The Labour party, if it wins the next UK General Election, might not scrap the controversial Bedroom tax according to a Labour MP.

Dame Anne Begg, who is the MP for Aberdeen South, conceded in a Radio interview that there was no guarantee that the Labour party would abolish the legislation even if the party wins the 2015 UK General election.

Speaking on Radio Scotland, when asked if her party would scrap the Bedroom tax, the Labour MP said: “With regard to what Labour will do in the next election – whether this is something that they will abolish – I would hope that they would certainly be looking at the housing benefit and if it’s one of the things that we can do and we can promise at the next election, I would certainly support that.”

The Labour MP was also asked to comment on revelations that several high profile Scottish Labour MPs, including Better Together head Alistair Darling and colleague Ian Davidson, failed to vote against the Bedroom Tax.  Dame Anne said she “could not remember the particular incident” but said it was the kind of “political shenanigans” that the SNP normally put out.

The question referred to revelations this weekend that Labour MP Alistair Darling and party colleague Ian Davidson who is Chair of the House of Commons Scottish Affairs Committee both failed to oppose the new legislation in the House of Commons.  However asked by a protestor at last weekend’s Bedroom Tax protest how he voted, Mr Davidson claimed he had voted No.
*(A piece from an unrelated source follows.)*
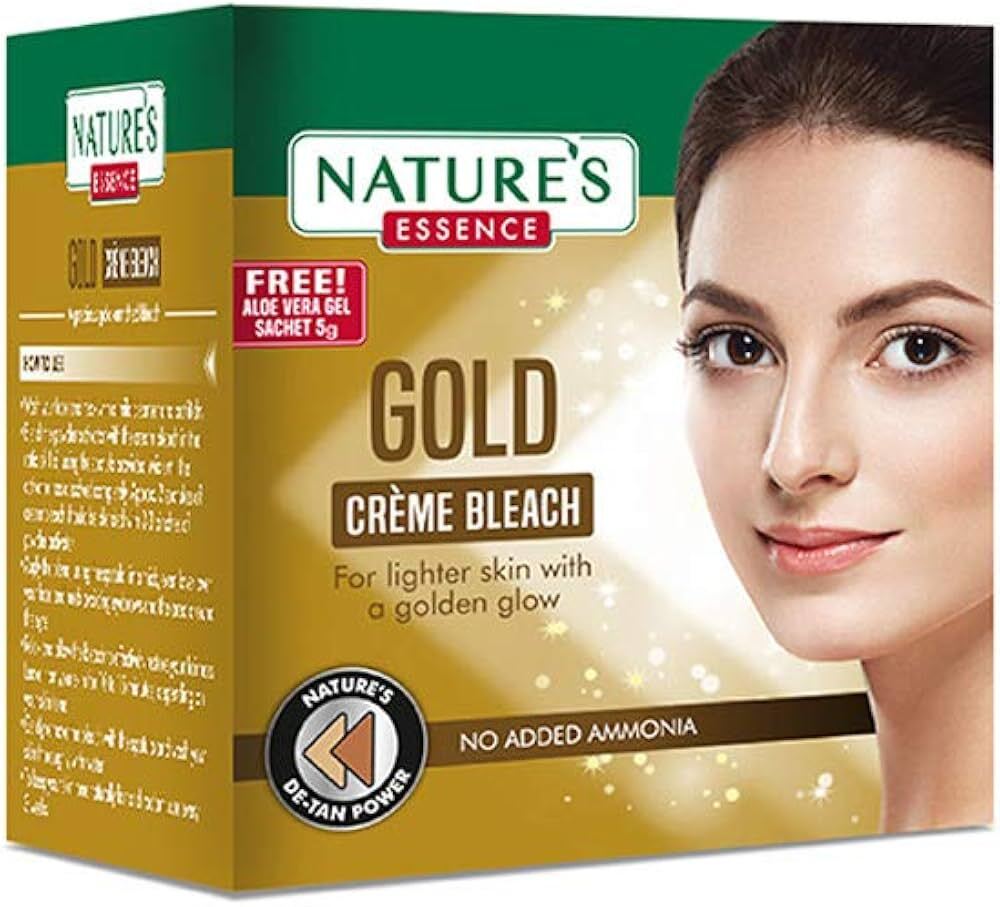Nature's Gold Creme Bleach 3 Use Pack 43gm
The exchange, which was captured on video, then became heated as the Labour MP angrily walked off, insisting that the member of the public had “got it wrong”.

However, official records appear to show that Mr Davidson, along with Alistair Darling and Gordon Brown, was absent at the vote which proposed the new legislation and was also absent at a subsequent amendment calling for the legislation to be scrapped.

Petition

The refusal to confirm Labour would scrap the controversial legislation comes despite the party north of the border asking the public to sign a petition calling for the Bedroom Tax to be scrapped.  The online petition ‘Say No to Bedroom Tax’ by the Edinburgh branch of the Labour party, has the support of several Scottish Labour MPs, MSPs and councillors.

The SNP has said that it will scrap the Bedroom tax should Scots vote Yes in the 2014 independence referendum.

It has also emerged that Scotland’s Children’s Commissioner has warned that the Bedroom Tax will breach young people’s human rights by plunging them into poverty and harming their social, emotional and mental wellbeing.

Tam Baillie said that the UK Government’s welfare reforms, would “heap misery on families already struggling on the breadline”.

Mr Baillie added: “The bedroom tax is in breach of the UN Convention on the Rights of the Child.  The bedroom tax and other benefit changes will heap misery on families already struggling on the breadline.”

MEANWHILE, an online petition has been created calling on Work and Pensions Secretary Iain Duncan Smith to back up a claim he made that he could live on £53 a week.

The Conservative Minister made the claim during a live question answer session on BBC Radio 4.

Asked by host John Humphries if he could live on the £53 a week in benefits drawn by one of the programme’s interviewees, the Work and Pensions Secretary said: “If I had to I would.”

Within hours of the interview an online petition had been raised calling for Mr Duncan Smith to back up his claim.

The petition, which at the time of writing had garnered almost 100,000 supporters, calls on the cabinet minister, “to live on this budget for at least one year.”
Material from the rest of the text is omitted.